| WORK TO COMPLETE |
The required output is every entry below, copied exactly.
[[ MATERIAL PROVIDED, beginning ]]
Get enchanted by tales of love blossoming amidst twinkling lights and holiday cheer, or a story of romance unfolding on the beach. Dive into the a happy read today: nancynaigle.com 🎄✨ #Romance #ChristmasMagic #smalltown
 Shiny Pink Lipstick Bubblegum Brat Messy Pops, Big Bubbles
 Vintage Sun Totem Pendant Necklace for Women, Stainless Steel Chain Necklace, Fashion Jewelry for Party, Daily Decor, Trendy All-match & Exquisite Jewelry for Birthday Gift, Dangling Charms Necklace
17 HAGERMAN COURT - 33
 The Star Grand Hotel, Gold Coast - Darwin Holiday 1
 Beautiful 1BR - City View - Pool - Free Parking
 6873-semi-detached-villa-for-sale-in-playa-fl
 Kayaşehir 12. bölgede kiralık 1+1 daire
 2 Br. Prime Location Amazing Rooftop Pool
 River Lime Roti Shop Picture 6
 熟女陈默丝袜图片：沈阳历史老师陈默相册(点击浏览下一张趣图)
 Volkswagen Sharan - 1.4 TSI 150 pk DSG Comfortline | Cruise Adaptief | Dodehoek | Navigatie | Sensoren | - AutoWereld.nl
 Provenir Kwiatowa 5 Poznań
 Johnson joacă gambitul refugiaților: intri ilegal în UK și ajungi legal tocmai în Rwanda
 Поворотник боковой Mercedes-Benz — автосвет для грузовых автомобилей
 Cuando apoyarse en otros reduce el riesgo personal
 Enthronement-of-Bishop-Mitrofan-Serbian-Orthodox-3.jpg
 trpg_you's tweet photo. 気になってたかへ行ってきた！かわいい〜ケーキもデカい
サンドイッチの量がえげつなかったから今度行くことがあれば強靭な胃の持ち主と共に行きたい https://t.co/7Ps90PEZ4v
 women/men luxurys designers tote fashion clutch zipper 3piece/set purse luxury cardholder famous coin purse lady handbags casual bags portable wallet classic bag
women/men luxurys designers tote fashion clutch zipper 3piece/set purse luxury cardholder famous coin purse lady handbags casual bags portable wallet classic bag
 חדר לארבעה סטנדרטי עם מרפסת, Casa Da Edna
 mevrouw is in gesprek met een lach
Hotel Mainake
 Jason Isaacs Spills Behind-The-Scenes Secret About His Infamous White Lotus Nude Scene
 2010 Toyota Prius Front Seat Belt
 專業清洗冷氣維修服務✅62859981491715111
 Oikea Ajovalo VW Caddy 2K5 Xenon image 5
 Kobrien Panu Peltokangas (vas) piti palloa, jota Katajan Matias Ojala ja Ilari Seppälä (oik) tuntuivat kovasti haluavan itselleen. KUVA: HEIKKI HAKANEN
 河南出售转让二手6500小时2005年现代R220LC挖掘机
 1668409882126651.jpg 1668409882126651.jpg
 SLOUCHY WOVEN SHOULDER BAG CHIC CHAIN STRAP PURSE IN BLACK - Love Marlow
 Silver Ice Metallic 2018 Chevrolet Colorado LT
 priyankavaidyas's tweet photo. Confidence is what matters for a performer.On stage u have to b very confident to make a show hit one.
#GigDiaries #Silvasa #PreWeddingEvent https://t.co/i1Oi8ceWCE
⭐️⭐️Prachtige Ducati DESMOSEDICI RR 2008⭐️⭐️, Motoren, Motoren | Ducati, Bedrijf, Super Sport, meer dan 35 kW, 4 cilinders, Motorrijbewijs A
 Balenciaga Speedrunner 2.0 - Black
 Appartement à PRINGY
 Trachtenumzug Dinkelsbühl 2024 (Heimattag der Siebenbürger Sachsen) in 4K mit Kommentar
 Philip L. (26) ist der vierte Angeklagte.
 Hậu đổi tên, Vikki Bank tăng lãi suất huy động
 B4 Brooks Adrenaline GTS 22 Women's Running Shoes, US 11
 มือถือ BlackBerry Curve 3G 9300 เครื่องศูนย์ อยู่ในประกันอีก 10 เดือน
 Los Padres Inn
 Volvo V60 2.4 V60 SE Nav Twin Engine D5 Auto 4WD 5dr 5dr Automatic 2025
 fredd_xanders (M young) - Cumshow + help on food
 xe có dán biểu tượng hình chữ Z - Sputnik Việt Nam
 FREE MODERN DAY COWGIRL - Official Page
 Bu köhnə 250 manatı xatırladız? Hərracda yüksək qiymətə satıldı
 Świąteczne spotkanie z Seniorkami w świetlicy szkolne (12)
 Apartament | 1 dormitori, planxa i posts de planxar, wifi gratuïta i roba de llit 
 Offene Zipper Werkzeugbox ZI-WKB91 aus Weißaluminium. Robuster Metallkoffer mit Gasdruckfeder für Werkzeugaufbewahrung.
[[ MATERIAL PROVIDED, end ]]
| EXPECTED ANSWER |
Get enchanted by tales of love blossoming amidst twinkling lights and holiday cheer, or a story of romance unfolding on the beach. Dive into the a happy read today: nancynaigle.com 🎄✨ #Romance #ChristmasMagic #smalltown
 Shiny Pink Lipstick Bubblegum Brat Messy Pops, Big Bubbles
 Vintage Sun Totem Pendant Necklace for Women, Stainless Steel Chain Necklace, Fashion Jewelry for Party, Daily Decor, Trendy All-match & Exquisite Jewelry for Birthday Gift, Dangling Charms Necklace
17 HAGERMAN COURT - 33
 The Star Grand Hotel, Gold Coast - Darwin Holiday 1
 Beautiful 1BR - City View - Pool - Free Parking
 6873-semi-detached-villa-for-sale-in-playa-fl
 Kayaşehir 12. bölgede kiralık 1+1 daire
 2 Br. Prime Location Amazing Rooftop Pool
 River Lime Roti Shop Picture 6
 熟女陈默丝袜图片：沈阳历史老师陈默相册(点击浏览下一张趣图)
 Volkswagen Sharan - 1.4 TSI 150 pk DSG Comfortline | Cruise Adaptief | Dodehoek | Navigatie | Sensoren | - AutoWereld.nl
 Provenir Kwiatowa 5 Poznań
 Johnson joacă gambitul refugiaților: intri ilegal în UK și ajungi legal tocmai în Rwanda
 Поворотник боковой Mercedes-Benz — автосвет для грузовых автомобилей
 Cuando apoyarse en otros reduce el riesgo personal
 Enthronement-of-Bishop-Mitrofan-Serbian-Orthodox-3.jpg
 trpg_you's tweet photo. 気になってたかへ行ってきた！かわいい〜ケーキもデカい
サンドイッチの量がえげつなかったから今度行くことがあれば強靭な胃の持ち主と共に行きたい https://t.co/7Ps90PEZ4v
 women/men luxurys designers tote fashion clutch zipper 3piece/set purse luxury cardholder famous coin purse lady handbags casual bags portable wallet classic bag
women/men luxurys designers tote fashion clutch zipper 3piece/set purse luxury cardholder famous coin purse lady handbags casual bags portable wallet classic bag
 חדר לארבעה סטנדרטי עם מרפסת, Casa Da Edna
 mevrouw is in gesprek met een lach
Hotel Mainake
 Jason Isaacs Spills Behind-The-Scenes Secret About His Infamous White Lotus Nude Scene
 2010 Toyota Prius Front Seat Belt
 專業清洗冷氣維修服務✅62859981491715111
 Oikea Ajovalo VW Caddy 2K5 Xenon image 5
 Kobrien Panu Peltokangas (vas) piti palloa, jota Katajan Matias Ojala ja Ilari Seppälä (oik) tuntuivat kovasti haluavan itselleen. KUVA: HEIKKI HAKANEN
 河南出售转让二手6500小时2005年现代R220LC挖掘机
 1668409882126651.jpg 1668409882126651.jpg
 SLOUCHY WOVEN SHOULDER BAG CHIC CHAIN STRAP PURSE IN BLACK - Love Marlow
 Silver Ice Metallic 2018 Chevrolet Colorado LT
 priyankavaidyas's tweet photo. Confidence is what matters for a performer.On stage u have to b very confident to make a show hit one.
#GigDiaries #Silvasa #PreWeddingEvent https://t.co/i1Oi8ceWCE
⭐️⭐️Prachtige Ducati DESMOSEDICI RR 2008⭐️⭐️, Motoren, Motoren | Ducati, Bedrijf, Super Sport, meer dan 35 kW, 4 cilinders, Motorrijbewijs A
 Balenciaga Speedrunner 2.0 - Black
 Appartement à PRINGY
 Trachtenumzug Dinkelsbühl 2024 (Heimattag der Siebenbürger Sachsen) in 4K mit Kommentar
 Philip L. (26) ist der vierte Angeklagte.
 Hậu đổi tên, Vikki Bank tăng lãi suất huy động
 B4 Brooks Adrenaline GTS 22 Women's Running Shoes, US 11
 มือถือ BlackBerry Curve 3G 9300 เครื่องศูนย์ อยู่ในประกันอีก 10 เดือน
 Los Padres Inn
 Volvo V60 2.4 V60 SE Nav Twin Engine D5 Auto 4WD 5dr 5dr Automatic 2025
 fredd_xanders (M young) - Cumshow + help on food
 xe có dán biểu tượng hình chữ Z - Sputnik Việt Nam
 FREE MODERN DAY COWGIRL - Official Page
 Bu köhnə 250 manatı xatırladız? Hərracda yüksək qiymətə satıldı
 Świąteczne spotkanie z Seniorkami w świetlicy szkolne (12)
 Apartament | 1 dormitori, planxa i posts de planxar, wifi gratuïta i roba de llit 
 Offene Zipper Werkzeugbox ZI-WKB91 aus Weißaluminium. Robuster Metallkoffer mit Gasdruckfeder für Werkzeugaufbewahrung.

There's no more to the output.